Ajena al populismo de “lo que debería decirse” deja clara su escasa admiración por Cuba (salvo por lo que encuentra en el archivo fílmico del Instituto Cubano del Arte e Industria Cinematográficos) y confiesa despojada de todo pudor la “mano” que le dio su noble pariente Adolfo Bioy Casares para el ingreso a la Fundación Universidad del Cine (FUC), del que él era una especie de asesor cultural. Y hasta expresa, sin miedo a que la gilada la tilde de gorila, que “la derecha peronista le dejó el poder a la derecha liberal” retratando así el cambio político de una Argentina más reciente que creciente, tan amante de tirar para afuera la pelota y echarle la culpa al vecino: acá no ha pasado nada y si pasó algo la culpa es de los demás.

Lo formal está dicho más o menos, y podría describirse como el texto que lee como repitiendo, repitiéndose, repitiéndonos. Algo que es memoria y que debe brotar constantemente.

Y acá creo que está el juego que nos propone Carri. Las imágenes -por más ridículas que parezcan- son parte de nuestra historia. Por más que produzca risa el peinado de una señora o la corbata de un periodista, esas también son imágenes de nuestro pasado. Entonces reconocemos (¿nos reconocemos?) los noticieros de época, los Ford Falcon, los comisarios de anteojos negros, las molotov, Cuba, China, Vietnam, el Cordobazo, las tomas estudiantiles, Mirtha Legrand (aunque ahora muchos se arrepientan de haberse sentado a su mesa), los dientes blancos de Rousselot, Betty Elizalde entrevistando a Galtieri, Videla en Japón, los pantalones Oxford, el asado, la doma, el blanco y negro, las lágrimas, la guerra, la sinrazón, los muertos, los desaparecidos, los olvidados.

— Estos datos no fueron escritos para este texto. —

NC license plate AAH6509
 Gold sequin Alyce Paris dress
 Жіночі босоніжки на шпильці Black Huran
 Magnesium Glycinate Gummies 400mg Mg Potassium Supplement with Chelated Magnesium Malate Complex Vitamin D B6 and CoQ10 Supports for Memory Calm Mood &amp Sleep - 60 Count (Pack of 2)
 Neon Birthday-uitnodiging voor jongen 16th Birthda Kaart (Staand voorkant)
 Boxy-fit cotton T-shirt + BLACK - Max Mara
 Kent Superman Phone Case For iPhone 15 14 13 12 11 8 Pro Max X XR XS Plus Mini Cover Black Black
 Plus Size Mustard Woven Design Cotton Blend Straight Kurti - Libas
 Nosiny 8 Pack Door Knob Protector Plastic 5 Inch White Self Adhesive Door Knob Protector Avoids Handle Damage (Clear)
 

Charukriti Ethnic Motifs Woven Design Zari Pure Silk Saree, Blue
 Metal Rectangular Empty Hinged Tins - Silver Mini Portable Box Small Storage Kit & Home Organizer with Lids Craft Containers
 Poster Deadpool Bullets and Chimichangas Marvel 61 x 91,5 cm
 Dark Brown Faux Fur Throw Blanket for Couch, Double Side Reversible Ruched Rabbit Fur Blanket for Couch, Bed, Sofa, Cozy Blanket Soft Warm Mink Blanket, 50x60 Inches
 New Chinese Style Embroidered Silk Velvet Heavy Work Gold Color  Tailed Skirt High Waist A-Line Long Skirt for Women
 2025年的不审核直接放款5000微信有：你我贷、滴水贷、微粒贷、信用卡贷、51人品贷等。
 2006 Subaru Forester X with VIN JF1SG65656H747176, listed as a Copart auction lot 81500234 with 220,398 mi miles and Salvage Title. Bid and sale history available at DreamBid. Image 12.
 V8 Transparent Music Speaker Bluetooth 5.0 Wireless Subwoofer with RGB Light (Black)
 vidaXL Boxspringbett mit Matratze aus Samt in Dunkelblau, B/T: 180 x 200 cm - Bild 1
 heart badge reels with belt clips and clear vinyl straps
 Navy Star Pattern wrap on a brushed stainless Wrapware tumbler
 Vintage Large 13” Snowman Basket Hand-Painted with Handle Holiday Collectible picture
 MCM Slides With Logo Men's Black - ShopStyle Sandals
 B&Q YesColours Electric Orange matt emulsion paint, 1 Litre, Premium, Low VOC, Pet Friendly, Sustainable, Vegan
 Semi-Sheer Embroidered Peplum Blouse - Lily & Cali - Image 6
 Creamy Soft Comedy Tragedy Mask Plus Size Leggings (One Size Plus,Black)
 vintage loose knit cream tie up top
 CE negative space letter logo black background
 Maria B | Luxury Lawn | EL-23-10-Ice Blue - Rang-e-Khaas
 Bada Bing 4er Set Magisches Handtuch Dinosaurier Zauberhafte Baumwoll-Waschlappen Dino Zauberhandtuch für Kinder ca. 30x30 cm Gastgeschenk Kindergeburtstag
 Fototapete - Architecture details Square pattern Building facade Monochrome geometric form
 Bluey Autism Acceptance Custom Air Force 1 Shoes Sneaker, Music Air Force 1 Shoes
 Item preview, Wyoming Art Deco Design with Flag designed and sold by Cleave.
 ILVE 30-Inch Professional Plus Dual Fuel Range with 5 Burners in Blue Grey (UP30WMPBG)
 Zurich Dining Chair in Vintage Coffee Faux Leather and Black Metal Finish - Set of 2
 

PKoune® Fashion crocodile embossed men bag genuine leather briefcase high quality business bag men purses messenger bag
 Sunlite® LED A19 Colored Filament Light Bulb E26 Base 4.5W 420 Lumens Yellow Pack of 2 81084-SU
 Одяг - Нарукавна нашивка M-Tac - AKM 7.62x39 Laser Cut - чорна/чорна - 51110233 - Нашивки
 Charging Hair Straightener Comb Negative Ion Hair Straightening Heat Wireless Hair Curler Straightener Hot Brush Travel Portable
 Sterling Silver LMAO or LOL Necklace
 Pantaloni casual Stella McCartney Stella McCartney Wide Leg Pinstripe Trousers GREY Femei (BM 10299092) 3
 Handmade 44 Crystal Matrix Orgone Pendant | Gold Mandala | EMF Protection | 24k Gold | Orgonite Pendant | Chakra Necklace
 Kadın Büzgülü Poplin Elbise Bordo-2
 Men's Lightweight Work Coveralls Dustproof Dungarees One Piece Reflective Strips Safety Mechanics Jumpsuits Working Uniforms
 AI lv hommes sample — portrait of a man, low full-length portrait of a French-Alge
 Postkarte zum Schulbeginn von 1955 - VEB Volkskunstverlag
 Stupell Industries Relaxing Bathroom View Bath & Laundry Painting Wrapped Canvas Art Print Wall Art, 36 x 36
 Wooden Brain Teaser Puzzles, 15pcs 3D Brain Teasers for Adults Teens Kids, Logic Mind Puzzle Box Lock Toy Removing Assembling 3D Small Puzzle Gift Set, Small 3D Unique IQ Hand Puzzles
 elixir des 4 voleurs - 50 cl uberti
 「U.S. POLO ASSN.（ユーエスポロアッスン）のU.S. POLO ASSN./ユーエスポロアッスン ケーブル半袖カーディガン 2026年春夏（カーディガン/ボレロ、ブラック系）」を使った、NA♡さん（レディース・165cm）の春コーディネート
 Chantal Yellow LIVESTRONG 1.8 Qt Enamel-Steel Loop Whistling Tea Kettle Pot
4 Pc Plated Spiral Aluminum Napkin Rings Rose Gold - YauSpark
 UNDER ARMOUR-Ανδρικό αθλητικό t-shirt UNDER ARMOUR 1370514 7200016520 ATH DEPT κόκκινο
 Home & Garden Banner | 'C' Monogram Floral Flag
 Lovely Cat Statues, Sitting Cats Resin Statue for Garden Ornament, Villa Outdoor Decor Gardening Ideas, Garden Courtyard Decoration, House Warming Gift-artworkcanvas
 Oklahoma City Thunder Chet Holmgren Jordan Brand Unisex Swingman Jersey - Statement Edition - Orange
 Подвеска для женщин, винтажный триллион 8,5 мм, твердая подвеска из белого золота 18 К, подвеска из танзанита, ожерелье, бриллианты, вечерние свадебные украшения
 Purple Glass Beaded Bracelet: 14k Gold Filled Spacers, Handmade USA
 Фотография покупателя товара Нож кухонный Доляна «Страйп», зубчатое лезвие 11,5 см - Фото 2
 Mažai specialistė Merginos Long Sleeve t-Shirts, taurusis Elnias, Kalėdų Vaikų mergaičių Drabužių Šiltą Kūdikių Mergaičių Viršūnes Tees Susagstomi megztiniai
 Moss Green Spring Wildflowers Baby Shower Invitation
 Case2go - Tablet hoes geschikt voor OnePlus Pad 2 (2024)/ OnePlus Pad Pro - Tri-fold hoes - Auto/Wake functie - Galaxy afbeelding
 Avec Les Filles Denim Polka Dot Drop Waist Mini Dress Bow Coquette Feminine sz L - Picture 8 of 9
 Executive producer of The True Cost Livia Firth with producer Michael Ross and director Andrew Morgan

La directora definió a Cuatreros como “una película sobre cómo hacer una película” y, sin ánimo de contradecirla, creo que esa definición abarca sólo una parte de esta película. La parte explícita. Como neófito de las artes cinematográficas pero con pretensiones de pluma poética, me es imposible no descubrir en cada escena algo de esa Albertina que quizás no necesita contestar preguntas en un reportaje o no pretende darse a conocer en la tapa de espectáculos de un diario o el suplemento feminista de otro. Que quizás ni siquiera pretendió hacerlo en esta película (me gusta pensar que eso fue inconsciente). Pero está ahí, en esa pantalla que se divide hasta el infinito, que recurre al archivo, a una maravillosa edición fílmica (en el estreno aseguró que la estrella del film sería el editor), a la risa, al silencio, al absurdo, a la realidad. Desde el sinsentido mismo del sentido de una voz propia que se desnuda y que nos cuenta despacio -primero apenas, después inundando- como un haz de luz que se mete entre la hendija de una persiana y va llenando la habitación de claridad, calor y color, su necesidad imperiosa de no olvidar. Por consiguiente, nos dice, no olviden. Y de estos fuegos, estos hierros.

Conozco poco a Albertina pero su visibilidad como cineasta, como lesbiana, como madre, como directora del importantísimo y vital Festival Asterisco, me hace sentirla como conocida (qué impune de mi parte pensar que conozco a alguien por una pequeña parte de su vida, pero bueno, así somos las de la pluma escrita), y para ese conocer, contarnos su vida -aunque sea la parte que ella pensó que merecía mostrar en Cuatreros– es mostrase en bolas. Su matrimonio, su maternidad, su desgaste personal, su incredulidad en ese “proyecto pequeño burgués de familia”, su derrumbe, su ex esposa, el padre de su hijo, su hijo, su lesbiandad, su vida y su memoria. La suya, la nuestra, la de esta sociedad y este país.

Está muy bien que nos mostremos en bolas. Puede ser un tetazo y también puede ser un textazo. Un poema, una película, una canción.

O un haz de luz. O varios. Que de tan potentes que son jugamos a saltarlos de la mano de quien tiene en su futuro la posibilidad de cuidar que no se apaguen. Por eso nos tomamos de la mano, nos reímos, nos cuidamos y nos contamos. Para que no se pierda la memoria.